WORK TO BE COMPLETED: Your task is to restate every entry below word for word and omit the images.

[Short text fragments from websites]
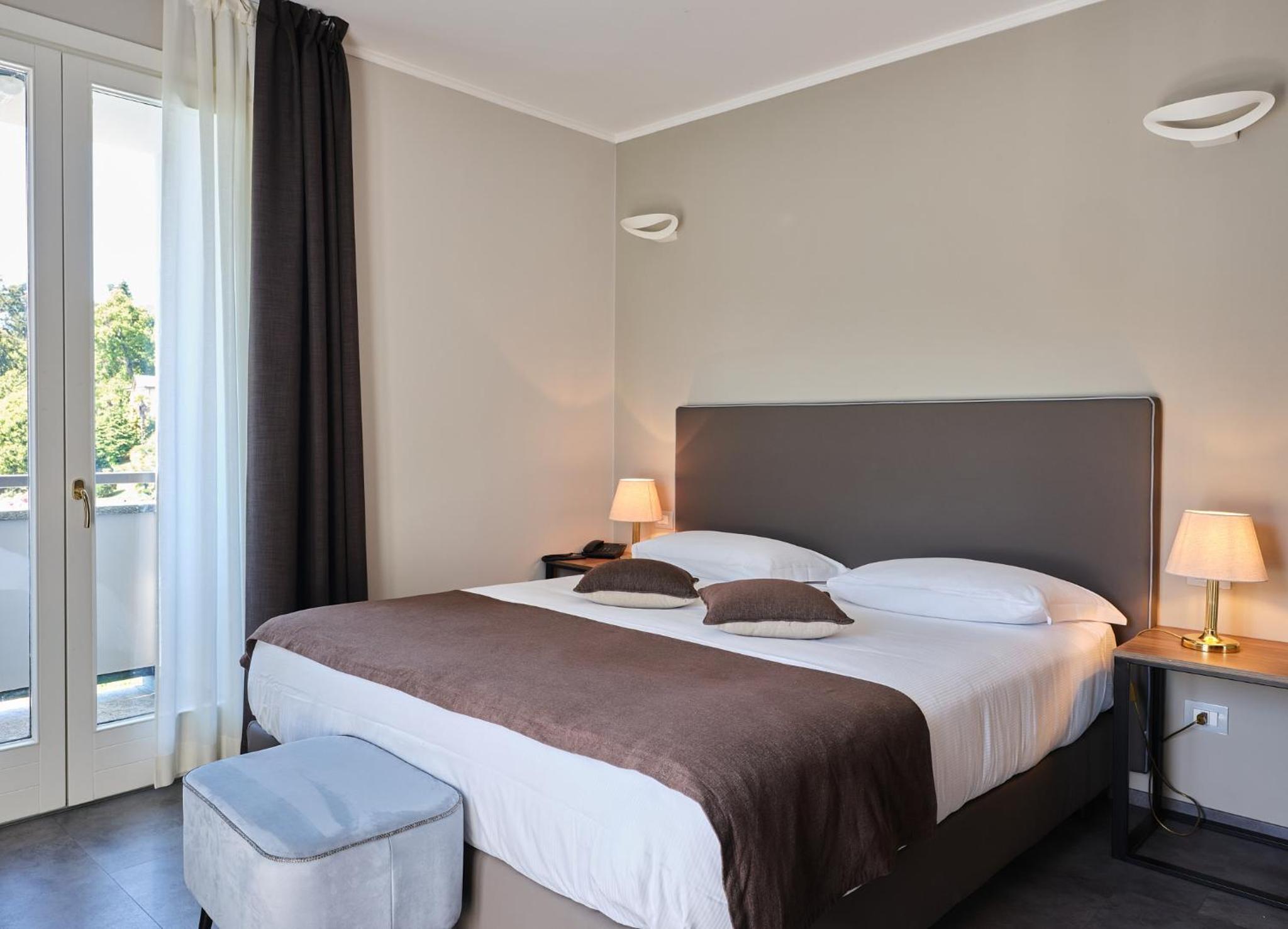 Deluxe Doppel- oder Zweibettzimmer mit Seeblick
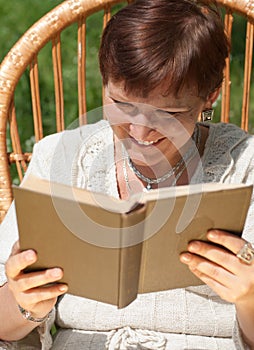 Mature woman reading book and laughing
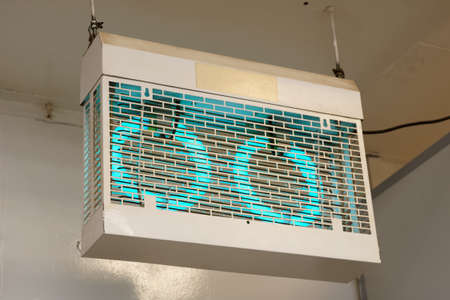 Ultraviolet lamp used to attract and kill flying insects used on food processing plants, in restaurants etcの写真素材
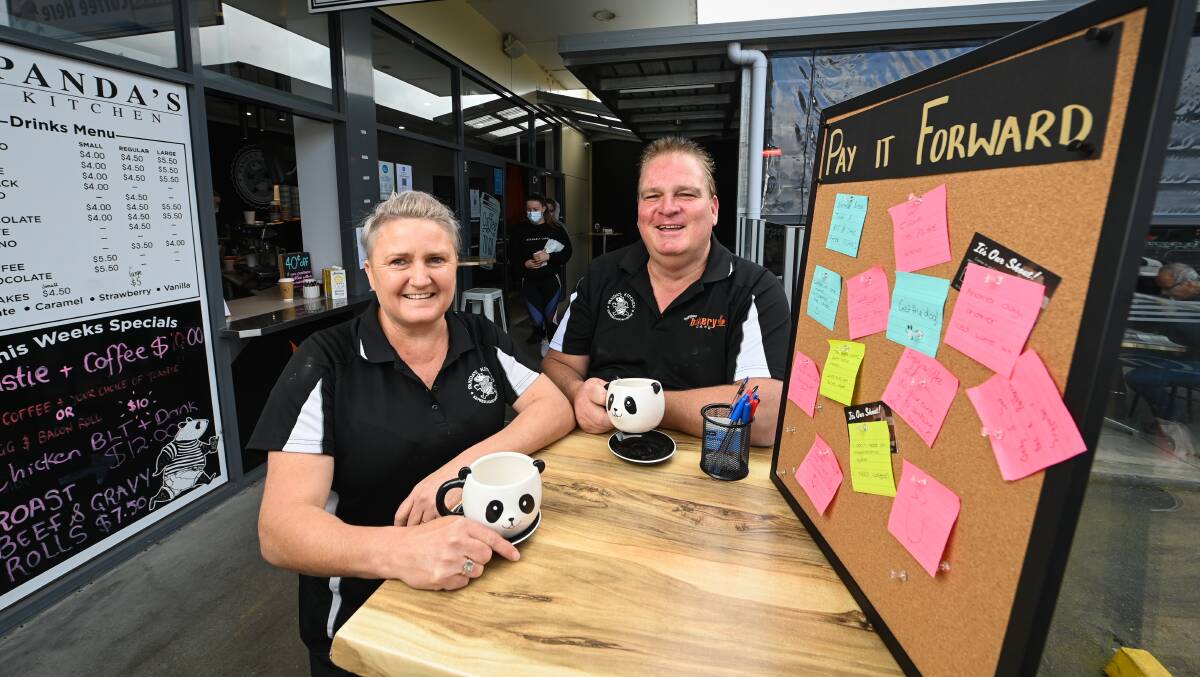 SMILING FACES: Panda's Kitchen manager Susan Hayes and owner Dean West next to the cafe's pay it forward and positivity pin board in Thurgoona Plaza. Pictures: MARK JESSER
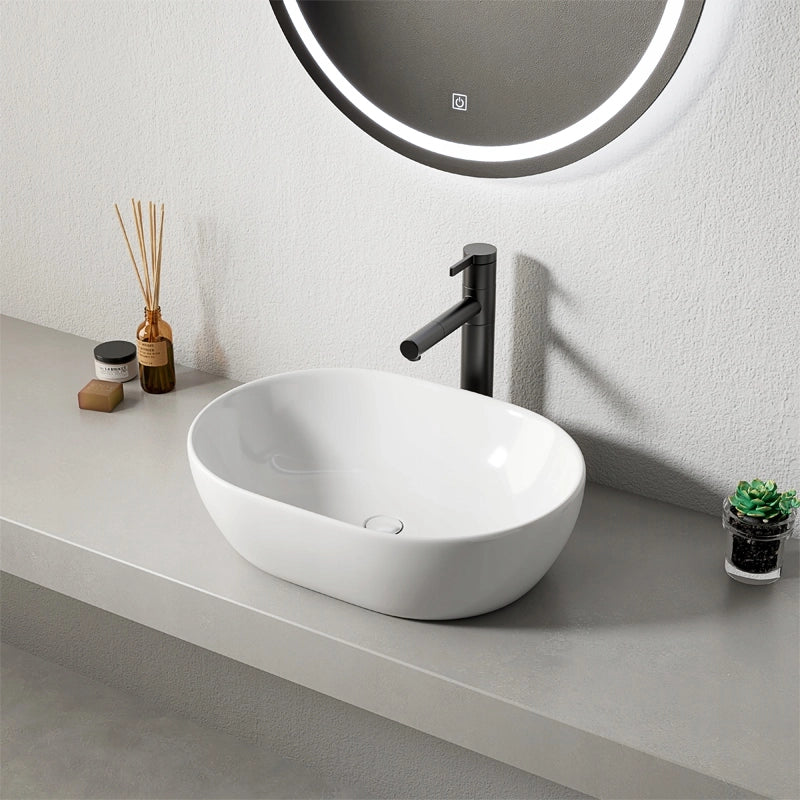 Ampio lavabo ovale in ceramica bianca lucida da appoggio, 49 x 35 cm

EXERCISE ANSWER:
 Deluxe Doppel- oder Zweibettzimmer mit Seeblick
 Mature woman reading book and laughing
 Ultraviolet lamp used to attract and kill flying insects used on food processing plants, in restaurants etcの写真素材
 SMILING FACES: Panda's Kitchen manager Susan Hayes and owner Dean West next to the cafe's pay it forward and positivity pin board in Thurgoona Plaza. Pictures: MARK JESSER
 Ampio lavabo ovale in ceramica bianca lucida da appoggio, 49 x 35 cm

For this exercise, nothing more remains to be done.